Stuart Collings, Ineos CEO INEOS for oil and petrochemicals in the UK, said the firm was "progressing at pace" with the Grangemouth conversion project, which it claims will cuts emissions across the site by 60 per cent by the end of the decade.

"This will see the displacement of hydrocarbon fuels used at Grangemouth, like natural gas, with clean, low carbon hydrogen to power our processes and manufacture vital materials used across a wide range of sectors," he explained. "To achieve this, we are inviting bids from the best engineering companies to design both a state of the art carbon capture enabled hydrogen production plant and an extensive suite of related infrastructure projects. The carbon dioxide from this project will be routed to the Scottish Cluster's Acorn CO2 transport and storage project, resulting in reductions of more than one million tonnes of carbon dioxide emissions each year."

However, plans to deliver the Acorn CCS project and several other net zero industrial clusters proposed for the UK remain largely dependent on the UK government coming forward with a new policy regime that would effectively subsidise carbon capture projects so as to incentivise firms to invest in the necessary infrastructure. Ministers are currently working on such a regime, but are yet to finalise precisely how the new clusters and associated industrial and hydrogen projects will be supported.

The news comes amid growing interest in CCS technologies for tackling the emissions associated with heavy industry processes around the world.

In related news today, concrete and cement giant Holcim has announced a new partnership with Italian oil, gas, and energy giant Eni aimed at harnessing carbon capture technologies to repurpose CO2 for manufacturing 'green cemen2'.

Researchers at Holcim are currently exploring the use of olvine for storing CO2, a mineral it then hopes to turn into a raw material for the formulation of lower carbon cement.

It claims that carbonated olvine would be highly scalable, as it is widely available around the world, and would enable the permanent sequestration of CO2 into building and construction materials.

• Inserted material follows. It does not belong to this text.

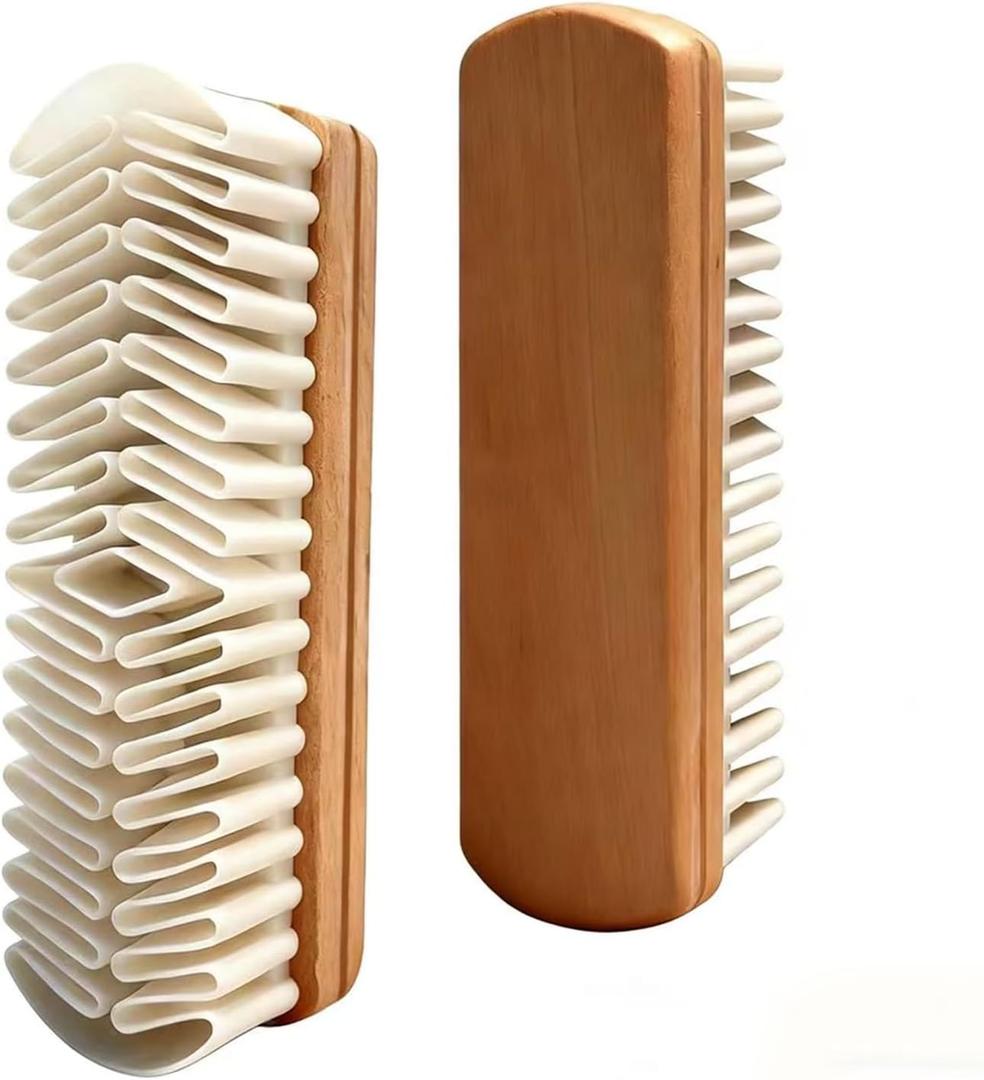 3 x 2 Pack Suede Brush and Suede Eraser, Suede Brush for Shoes, Suede Eraser for Shoes, Universal Suede Cleaning kit for Shoes, Bags, Jackets, Furniture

Holcim is currently considering which of its European sites would be most suitable for conducting industrial-scale pilots for producing greener cement using olvine, while Eni is concentrating on furthering its expertise in storing CO2 in the mineral, the two firms explained.

The partnership adds to over 30 CCS projects which Holcim is working on worldwide in the US, Canada, and Europe, with potential solutions ranging from recycling CO2 for crop growth in greenhouses all the way through to using carbon dioxide to create alternative fuels for aviation.

"The world needs transformational technologies to accelerate our transition to net zero," said Edelio Bermejo, head of Holcim's innovation centre. "With the storage of CO2 in new minerals like olivine, we are expanding our range of green cement solutions, to make sustainable construction a reality around the world, while reducing the footprint of our operations. Our work with Eni is in line with our open innovation ecosystem, partnering with like-minded organizations, from startups to multinationals, to make a bigger difference together."